A statement from the airport early Friday said there had been "several drone sightings," without elaborating. Bayer said it wasn't immediately clear how many drones might have been involved. He said police, airline employees and "regular people around the airport" were among witnesses who reported the drone sightings.
After the closure of the runways, federal police deployed helicopters and other means to try to track down the drones, but no signs of them could be found, Bayer said.
Hundreds of stranded passengers spent the night in cots set up in terminals or were taken to hotels and blankets, drinks and snacks were distributed to them, the German news agency dpa reported.
The incident was the latest in a series of incidents of mysterious drone sightings over airports as well as other critical infrastructure sites in the EU in several European Union member countries. A drone incident in Oslo, the capital of Norway, which is a NATO member but not part of the EU, also affected flights there late last month.
It wasn't immediately clear who has been behind the flyovers, but European authorities have expressed concerns Russia could be behind them. Russian authorities have rejected claims of involvement in recent drone incidents in Denmark.
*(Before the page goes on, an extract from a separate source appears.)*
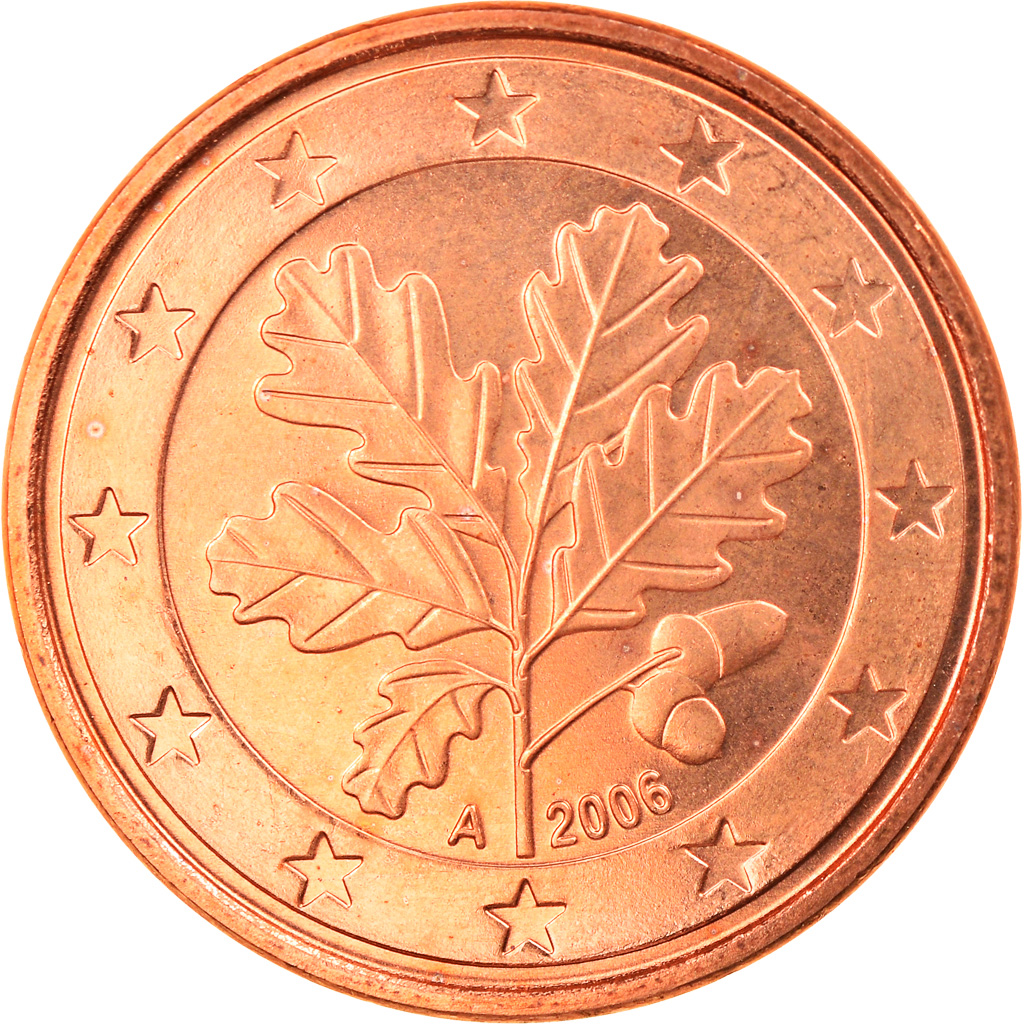 Bundesrepublik Deutschland, 5 Euro Cent, 2006, Berlin, STGL, Copper Plated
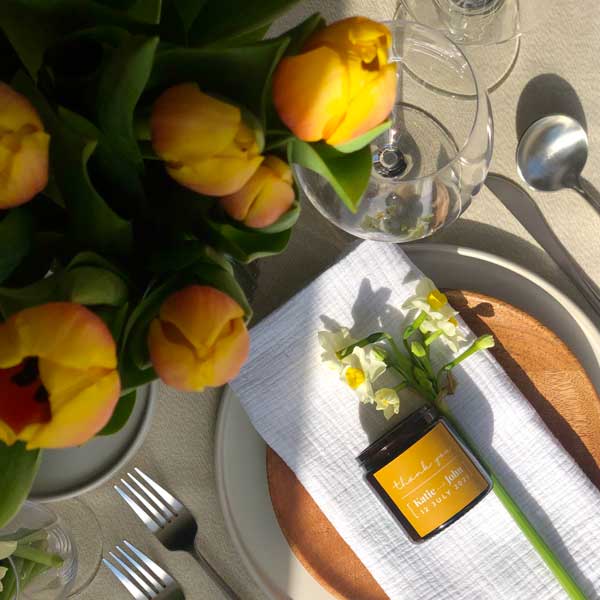 Bespoke wedding favours – custom refillable candle gifts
Officials in Russia and close ally Belarus acknowledged last month that some drones used as part of Russia's war in Ukraine had entered the territory of EU and NATO member Poland, prompting a scramble by Polish and NATO allies in which fighter jets were deployed to shoot them down.
The drone overflights were a major focus of a summit of EU and European leaders in Copenhagen, Denmark, this week. Authorities have vowed to step up measures to minimise and thwart the threat posed by drones.
Separately, a Russia-linked oil tanker that authorities in France detained - and which had been suspected of possible involvement in the drone incursions over Denmark - was back at sea on Friday.
A thorough search by French Navy commandos that boarded the ship found no drones, no drone-launching equipment and no evidence that drones had taken off from the vessel, according to an official with knowledge of the investigation who spoke on condition of anonymity because they weren't authorised to discuss it publicly.
The ship-tracking website Marine Traffic showed that the tanker was navigating at sea again on Friday morning, heading southwest from the French Atlantic coast, where it was detained and apparently bound for the Suez Canal.
French authorities said before it departed that the tanker's captain would go on trial in February over the crew's alleged refusal to cooperate when French authorities stopped and boarded it.
An investigation led by the French Navy concluded that the ship, originating from Russia and en route to India with a "large oil shipment," was flying no flag, according to French prosecutor Stéphane Kellenberger.
The tanker's name has changed several times, and it's now known as "Pushpa" or "Boracay." Its route from a Russian oil terminal into the Atlantic took it past the coast of Denmark.